## EXERCISE INSTRUCTIONS
Take the line that contains "Close-up Stofflabel: '100%" and each one after it through the last line below, and retype them exactly. Leave out the pictures.

## EXERCISE DATA
◆ ◆ ◆ ◆

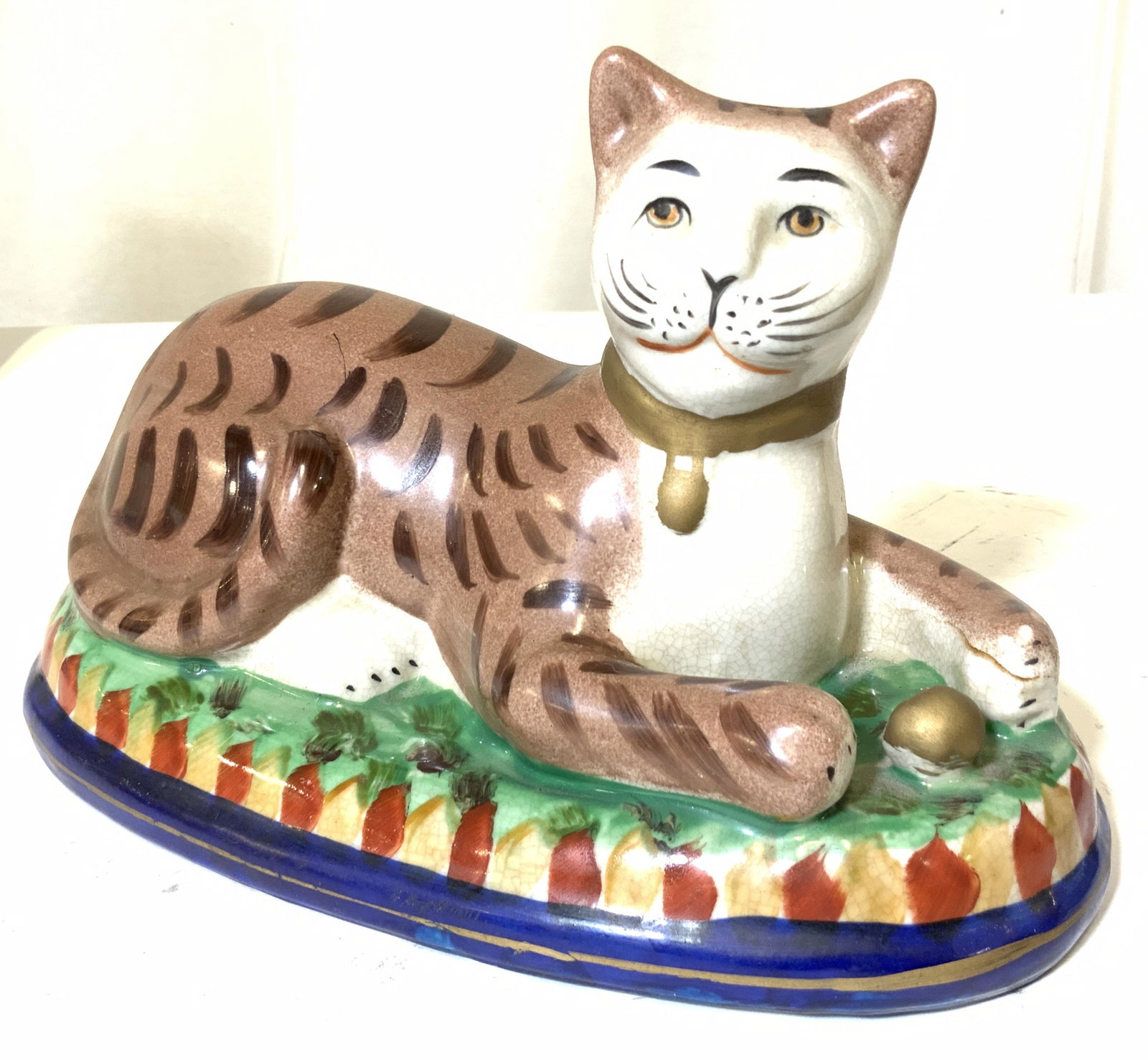 Pair ANTIQUE STAFFORDSHIRE Porcelain Cat Figurals: Ceramic Cat Statues, hand painted ceramic cats with bell collars. Cats have a toy ball between paws. Faces are very human like, a ‘ Cheshire smirk’ . Surface glaze crazing consistent with age. 10 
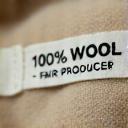 Close-up Stofflabel: '100% Wolle – Fair produziert'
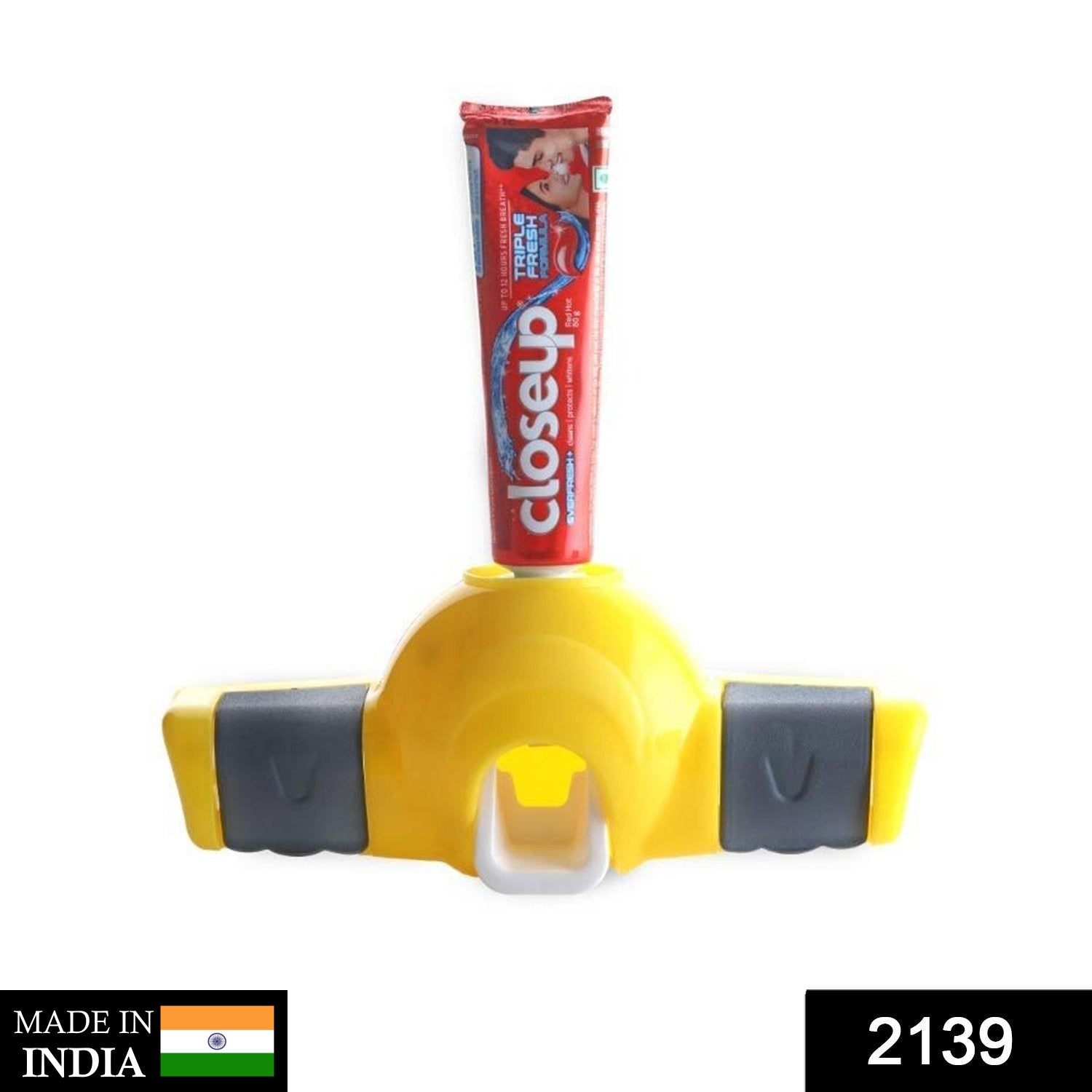 स्वचालित पुश टूथपेस्ट स्क्वीज़र डिस्पेंसर - 2139_magic_toothpaste_disp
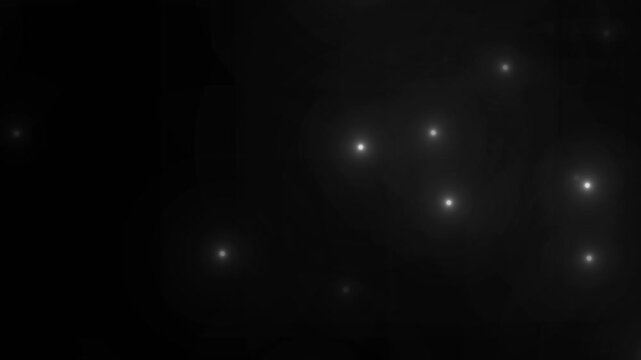 Paparazzi flashes of cameras on a black background. Camera flashes light animation overlay. Cinematic random bright blinking lights. The concept of popularity- Flashing lens flares seamless looping.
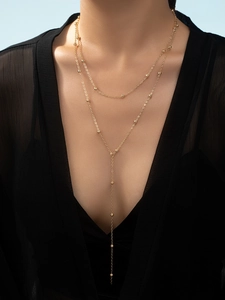 Detail of a layered gold Y-necklace with small beads worn by a model in black clothing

◆ ◆ ◆ ◆

## SOLUTION TO THIS PROBLEM
 Close-up Stofflabel: '100% Wolle – Fair produziert'
 स्वचालित पुश टूथपेस्ट स्क्वीज़र डिस्पेंसर - 2139_magic_toothpaste_disp
 Paparazzi flashes of cameras on a black background. Camera flashes light animation overlay. Cinematic random bright blinking lights. The concept of popularity- Flashing lens flares seamless looping.
 Detail of a layered gold Y-necklace with small beads worn by a model in black clothing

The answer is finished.